Women with at least one adnexal mass were recruited into the study from 1 June 1999 to 30 June 2002. They were examined with gray-scale and color Doppler ultrasonography by experienced ultrasound examiners who used high-end ultrasound systems equipped with high-frequency vaginal probes, a standardized examination technique, and standardized terms and definitions8. About 80% of the examinations were carried out by examiners defined as Level III examiners using the terminology of the European Federation of Ultrasound in Medicine and Biology, i.e. the examiners worked in tertiary referral centers, had an academic record, and a high level of experience and expertise9. Moreover, all examiners had a special interest in ultrasound diagnosis of adnexal masses, and some had performed up to 16 000 gynecological ultrasound examinations by the start of the study.
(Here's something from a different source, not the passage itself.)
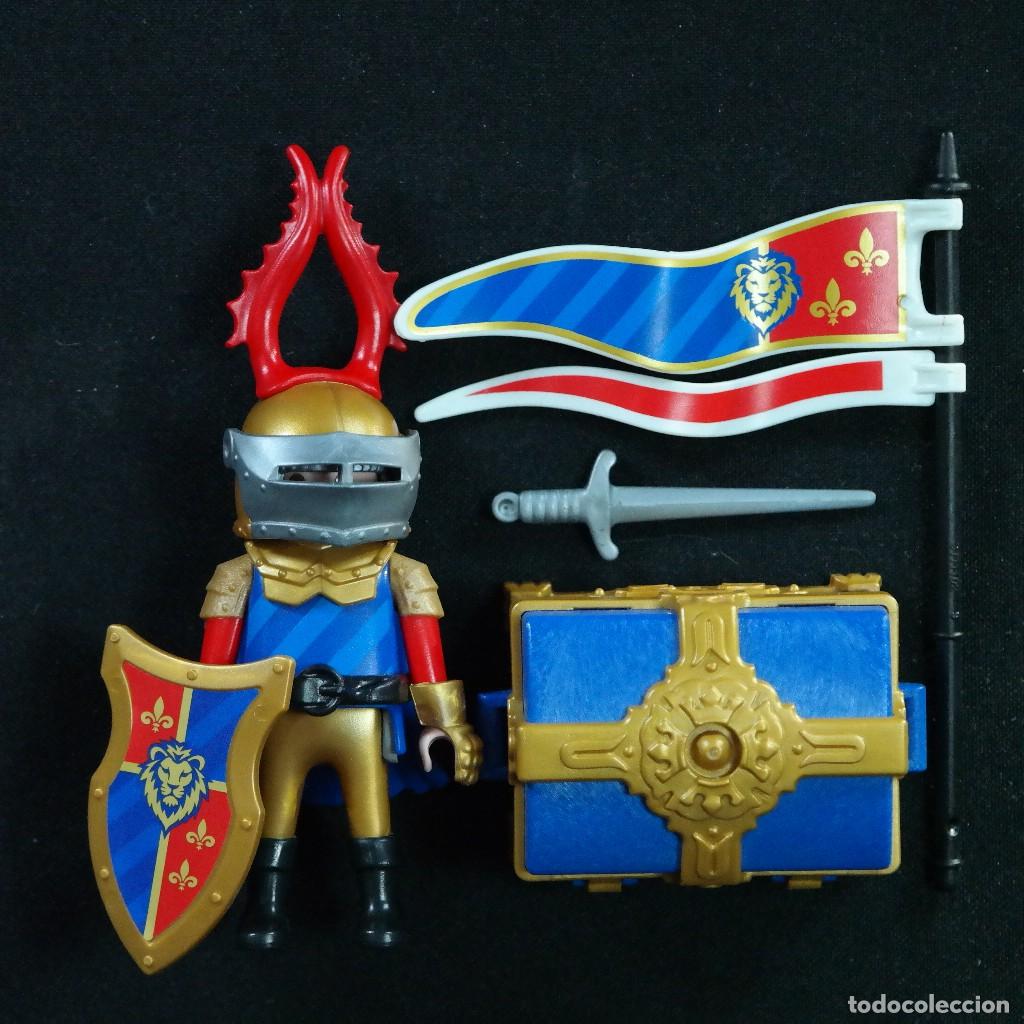Playmobil: Playmobil caballero medieval con bandera y baul ☼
All women underwent a transvaginal scan; transabdominal sonography was added when large masses could not be fully visualized via the transvaginal route. On the basis of subjective evaluation of gray-scale and color Doppler findings (pattern recognition4, 10) the ultrasound examiner classified each mass as: certainly benign, probably benign, difficult to classify as benign or malignant (complete uncertainty), probably malignant or certainly malignant. Even when the examiner found the mass difficult to classify, he/she was obliged to state whether the mass was more likely to be benign or malignant. On the basis of published descriptions of typical gray-scale and color Doppler ultrasound findings of various specific diagnoses4, 10 the examiner also suggested a specific histological diagnosis (e.g. endometrioma, dermoid cyst or hydrosalpinx) whenever this was possible. The ultrasound examiner had no knowledge of the patient's serum CA 125 values when suggesting a diagnosis but was aware of the patient history.
The reference standard was the histology of the surgically removed adnexal tumors, the tumors being classified and malignant tumors staged according to the criteria recommended by the International Federation of Gynecology and Obstetrics11. Both the ultrasound diagnoses and the histological diagnoses were grouped retrospectively into 22 categories (Table 1). For subjective assessment of the mass on the basis of ultrasound findings, in addition to these 22 categories, a 23rd category was added, i.e. ‘don't know’. Only patients operated on ≤ 120 days after the ultrasound examination were included and, in the case of bilateral or multiple masses in the same patient, only the most complex mass—or, if all masses had similar ultrasound morphology, the largest one or the one most easily accessible by ultrasound examination—was used in our analysis.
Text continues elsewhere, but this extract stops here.